• THE TASK
Only these lines of the data below are wanted: the one with "см, ручная роспись", the one with "Dames - Schoudertas", and any lines between them, each repeated exactly.

• DATA FOR THIS EXERCISE
· · · · ·
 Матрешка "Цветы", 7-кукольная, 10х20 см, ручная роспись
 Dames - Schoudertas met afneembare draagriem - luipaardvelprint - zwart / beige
· · · · ·
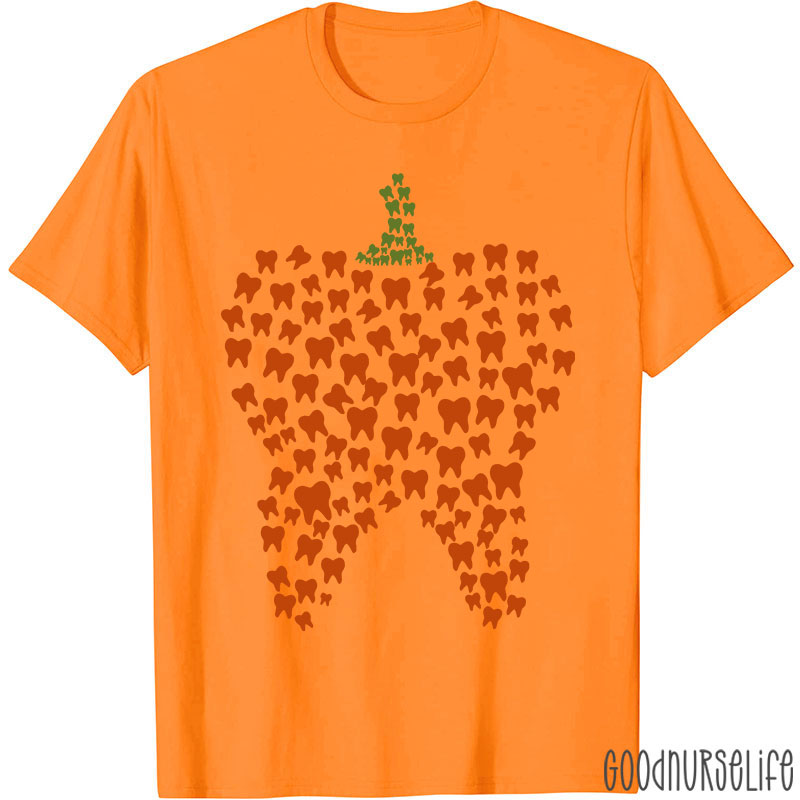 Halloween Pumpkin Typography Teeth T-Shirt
· · · · ·
• ANSWER TO THIS TASK
 Матрешка "Цветы", 7-кукольная, 10х20 см, ручная роспись
 Dames - Schoudertas met afneembare draagriem - luipaardvelprint - zwart / beige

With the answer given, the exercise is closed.